▶ **Exercise directions**:
For the listing below, print exactly the lines from the line with "Modern Astoria residence" to the line with "LOW ANGLE VIEW OF TELEPHONE POLE AGAINST SKY", both included, and nothing beyond them.

▶ **Record set**:
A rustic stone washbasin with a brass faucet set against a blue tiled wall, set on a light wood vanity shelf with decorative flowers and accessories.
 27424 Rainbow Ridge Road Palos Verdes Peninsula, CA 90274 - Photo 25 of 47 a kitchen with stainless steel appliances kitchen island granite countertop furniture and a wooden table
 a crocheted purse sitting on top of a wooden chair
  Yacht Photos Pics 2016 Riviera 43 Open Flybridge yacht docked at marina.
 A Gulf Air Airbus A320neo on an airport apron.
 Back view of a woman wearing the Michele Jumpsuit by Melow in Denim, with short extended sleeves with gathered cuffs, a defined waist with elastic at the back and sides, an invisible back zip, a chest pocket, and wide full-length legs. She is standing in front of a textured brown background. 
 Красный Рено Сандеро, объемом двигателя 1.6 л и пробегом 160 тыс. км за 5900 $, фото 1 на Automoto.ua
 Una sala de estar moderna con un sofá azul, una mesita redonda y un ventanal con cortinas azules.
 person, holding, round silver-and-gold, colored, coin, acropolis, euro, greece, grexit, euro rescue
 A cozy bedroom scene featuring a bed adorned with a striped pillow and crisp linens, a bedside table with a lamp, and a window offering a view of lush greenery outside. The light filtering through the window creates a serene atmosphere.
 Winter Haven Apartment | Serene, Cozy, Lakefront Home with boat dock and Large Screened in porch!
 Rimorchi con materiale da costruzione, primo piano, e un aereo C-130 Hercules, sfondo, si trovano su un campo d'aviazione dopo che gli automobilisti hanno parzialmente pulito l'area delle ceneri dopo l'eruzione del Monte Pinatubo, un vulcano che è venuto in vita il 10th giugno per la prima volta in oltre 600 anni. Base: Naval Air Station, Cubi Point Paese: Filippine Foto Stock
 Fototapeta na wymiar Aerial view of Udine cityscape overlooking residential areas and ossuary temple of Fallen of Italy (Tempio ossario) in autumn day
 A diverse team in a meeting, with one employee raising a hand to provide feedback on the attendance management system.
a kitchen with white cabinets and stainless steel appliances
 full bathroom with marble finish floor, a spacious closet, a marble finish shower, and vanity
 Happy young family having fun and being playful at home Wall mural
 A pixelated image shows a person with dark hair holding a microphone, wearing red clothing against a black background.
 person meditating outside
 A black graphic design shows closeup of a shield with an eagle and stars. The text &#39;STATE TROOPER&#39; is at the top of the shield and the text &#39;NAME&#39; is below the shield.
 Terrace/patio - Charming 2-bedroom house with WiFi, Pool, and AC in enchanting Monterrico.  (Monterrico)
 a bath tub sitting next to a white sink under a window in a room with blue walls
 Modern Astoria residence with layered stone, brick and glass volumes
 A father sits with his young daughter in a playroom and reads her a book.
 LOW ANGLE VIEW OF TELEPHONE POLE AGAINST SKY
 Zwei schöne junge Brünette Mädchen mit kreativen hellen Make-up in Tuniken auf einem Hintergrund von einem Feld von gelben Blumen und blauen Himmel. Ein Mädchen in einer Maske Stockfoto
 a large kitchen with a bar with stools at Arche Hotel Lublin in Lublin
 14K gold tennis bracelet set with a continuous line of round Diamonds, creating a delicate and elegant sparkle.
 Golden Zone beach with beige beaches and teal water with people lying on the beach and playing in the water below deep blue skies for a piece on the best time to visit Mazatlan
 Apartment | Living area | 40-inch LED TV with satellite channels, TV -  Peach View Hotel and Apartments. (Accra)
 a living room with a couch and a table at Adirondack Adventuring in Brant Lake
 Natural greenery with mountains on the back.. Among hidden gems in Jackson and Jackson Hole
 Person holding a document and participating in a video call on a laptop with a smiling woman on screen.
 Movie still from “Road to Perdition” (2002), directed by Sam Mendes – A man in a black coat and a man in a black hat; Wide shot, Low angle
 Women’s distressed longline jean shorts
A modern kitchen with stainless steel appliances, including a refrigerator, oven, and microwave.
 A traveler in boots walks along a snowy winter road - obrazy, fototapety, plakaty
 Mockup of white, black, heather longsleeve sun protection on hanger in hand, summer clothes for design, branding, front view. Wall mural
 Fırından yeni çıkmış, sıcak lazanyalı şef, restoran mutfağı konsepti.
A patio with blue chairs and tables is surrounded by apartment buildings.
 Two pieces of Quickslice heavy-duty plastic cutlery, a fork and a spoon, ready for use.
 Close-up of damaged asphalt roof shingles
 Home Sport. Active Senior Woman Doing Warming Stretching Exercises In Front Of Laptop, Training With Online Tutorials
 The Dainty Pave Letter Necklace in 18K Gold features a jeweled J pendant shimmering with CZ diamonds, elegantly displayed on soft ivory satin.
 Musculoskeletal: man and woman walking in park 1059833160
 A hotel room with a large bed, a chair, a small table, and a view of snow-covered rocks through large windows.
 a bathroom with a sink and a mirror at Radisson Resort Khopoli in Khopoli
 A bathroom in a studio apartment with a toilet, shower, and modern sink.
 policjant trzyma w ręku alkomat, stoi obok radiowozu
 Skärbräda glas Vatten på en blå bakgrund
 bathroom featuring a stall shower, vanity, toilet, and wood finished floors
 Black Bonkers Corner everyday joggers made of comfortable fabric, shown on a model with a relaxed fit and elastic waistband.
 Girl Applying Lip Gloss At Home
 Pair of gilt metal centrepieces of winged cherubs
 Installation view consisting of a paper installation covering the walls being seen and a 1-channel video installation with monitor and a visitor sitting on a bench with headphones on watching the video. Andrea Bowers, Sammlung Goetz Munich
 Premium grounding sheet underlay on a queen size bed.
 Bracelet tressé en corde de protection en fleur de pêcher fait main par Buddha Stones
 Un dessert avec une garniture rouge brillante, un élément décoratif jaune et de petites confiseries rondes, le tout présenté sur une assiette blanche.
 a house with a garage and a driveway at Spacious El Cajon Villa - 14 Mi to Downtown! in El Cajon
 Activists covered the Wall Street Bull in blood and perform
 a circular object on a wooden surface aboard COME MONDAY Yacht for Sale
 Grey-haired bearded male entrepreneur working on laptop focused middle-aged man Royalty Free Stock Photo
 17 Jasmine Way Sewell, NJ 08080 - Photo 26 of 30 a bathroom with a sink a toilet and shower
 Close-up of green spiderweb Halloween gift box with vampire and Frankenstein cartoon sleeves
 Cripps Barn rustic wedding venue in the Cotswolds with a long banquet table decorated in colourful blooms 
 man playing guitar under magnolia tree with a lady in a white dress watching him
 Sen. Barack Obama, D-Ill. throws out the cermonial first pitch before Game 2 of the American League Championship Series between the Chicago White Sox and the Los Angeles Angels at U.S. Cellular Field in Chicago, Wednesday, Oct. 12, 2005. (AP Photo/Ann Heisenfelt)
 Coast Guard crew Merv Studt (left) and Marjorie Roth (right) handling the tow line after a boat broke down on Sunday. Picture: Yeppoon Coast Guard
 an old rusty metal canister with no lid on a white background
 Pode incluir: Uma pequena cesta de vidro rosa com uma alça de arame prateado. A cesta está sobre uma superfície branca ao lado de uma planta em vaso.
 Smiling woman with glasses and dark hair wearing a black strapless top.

▶ **Response**:
 Modern Astoria residence with layered stone, brick and glass volumes
 A father sits with his young daughter in a playroom and reads her a book.
 LOW ANGLE VIEW OF TELEPHONE POLE AGAINST SKY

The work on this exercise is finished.